Bradykinin can be a prognostic marker of mortality due to its linear dynamics and high sensitivity. At the heart of the pandemic, there was a growing concern about the pathophysiology of COVID-positive patients and their prognoses. Moreover, since there are no unique and effective pharmacological protocols for the patients infected with SARS-CoV-2, the importance of knowing the pathophysiological molecular mechanisms has been increasingly emphasized. The proinflammatory cytokines and peptides, such as bradykinin and galectin-3, are dominant in the deceased patients and may contribute to leaky vasculature and cell necrosis, which results in microvascular endotheliopathy. Moreover, a bradykinin course follows free radicals, which are identified in high bioavailability in the systemic circulation of patients with COVID-19 pneumonia. The cytokine and bradykinin storm theory could be a possible explanation for the severe forms of COVID-19 disease. As such, they offer many potential therapeutic targets for the prevention of multiorgan failure, such as inhibitors of bradykinin production [4142].
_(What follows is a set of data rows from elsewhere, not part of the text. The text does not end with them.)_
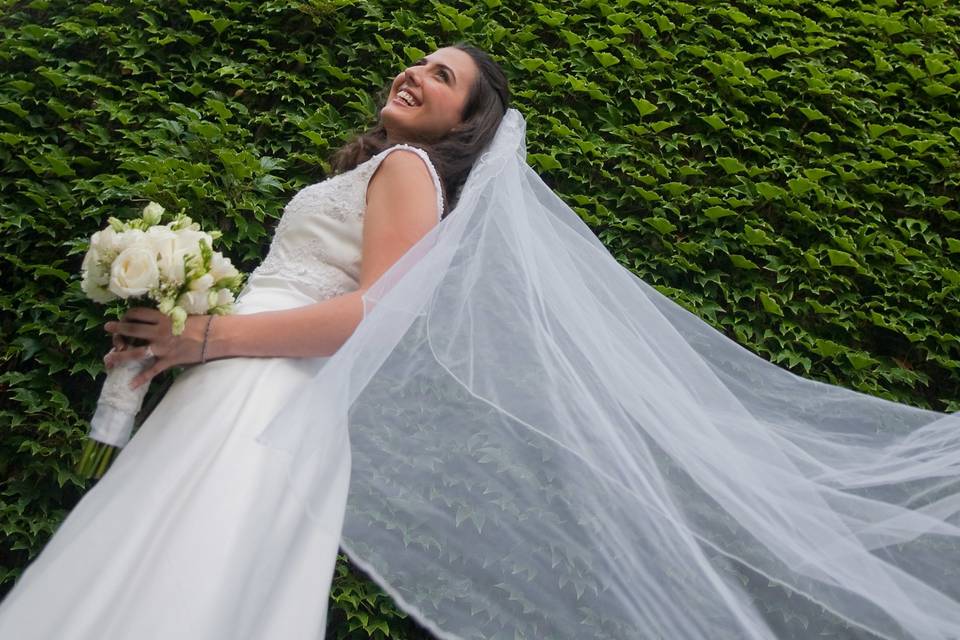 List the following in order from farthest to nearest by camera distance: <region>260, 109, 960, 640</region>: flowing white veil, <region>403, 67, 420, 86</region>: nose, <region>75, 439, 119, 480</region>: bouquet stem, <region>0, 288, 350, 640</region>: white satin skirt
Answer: <region>403, 67, 420, 86</region>: nose < <region>75, 439, 119, 480</region>: bouquet stem < <region>260, 109, 960, 640</region>: flowing white veil < <region>0, 288, 350, 640</region>: white satin skirt

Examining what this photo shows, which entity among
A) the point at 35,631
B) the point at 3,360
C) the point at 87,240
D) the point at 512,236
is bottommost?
the point at 3,360

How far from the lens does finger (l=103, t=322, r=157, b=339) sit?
170 cm

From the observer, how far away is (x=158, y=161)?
3256 mm

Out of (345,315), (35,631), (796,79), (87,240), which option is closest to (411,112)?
(345,315)

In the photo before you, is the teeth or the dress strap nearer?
the dress strap

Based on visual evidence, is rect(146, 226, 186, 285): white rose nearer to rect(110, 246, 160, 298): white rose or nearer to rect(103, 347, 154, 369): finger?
rect(110, 246, 160, 298): white rose

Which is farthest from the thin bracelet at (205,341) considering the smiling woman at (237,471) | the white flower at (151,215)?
the white flower at (151,215)

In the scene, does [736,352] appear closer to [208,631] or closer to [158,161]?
[208,631]

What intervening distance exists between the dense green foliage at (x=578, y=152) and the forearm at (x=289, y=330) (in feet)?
4.13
The limitation of this study is its relatively small sample size. However, we included matched patients with similar clinical features and the duration of the disease prior to admission. Moreover, given the different pathophysiology of COVID-19 disease, we plan to include the selected patients with 7 or 28 day follow-ups who had a mild type of disease to test all these assumptions further.

5. Conclusion

Bradykinin storm and oxidative stress in patients with the fatal outcomes are probably responsible for the overactive inflammatory response and the resulting symptoms in COVID-19 patients. Understanding the mechanisms by which the two storms, bradykinin and cytokine, affect the body separately or jointly is crucial because it may help us develop more effective treatments, save lives, and mitigate the effects of the pandemic.

Data Availability

The unpublished data used to support the findings of this study are available from the corresponding author upon request.

Conflicts of Interest

The authors declare that they have no conflicts of interest.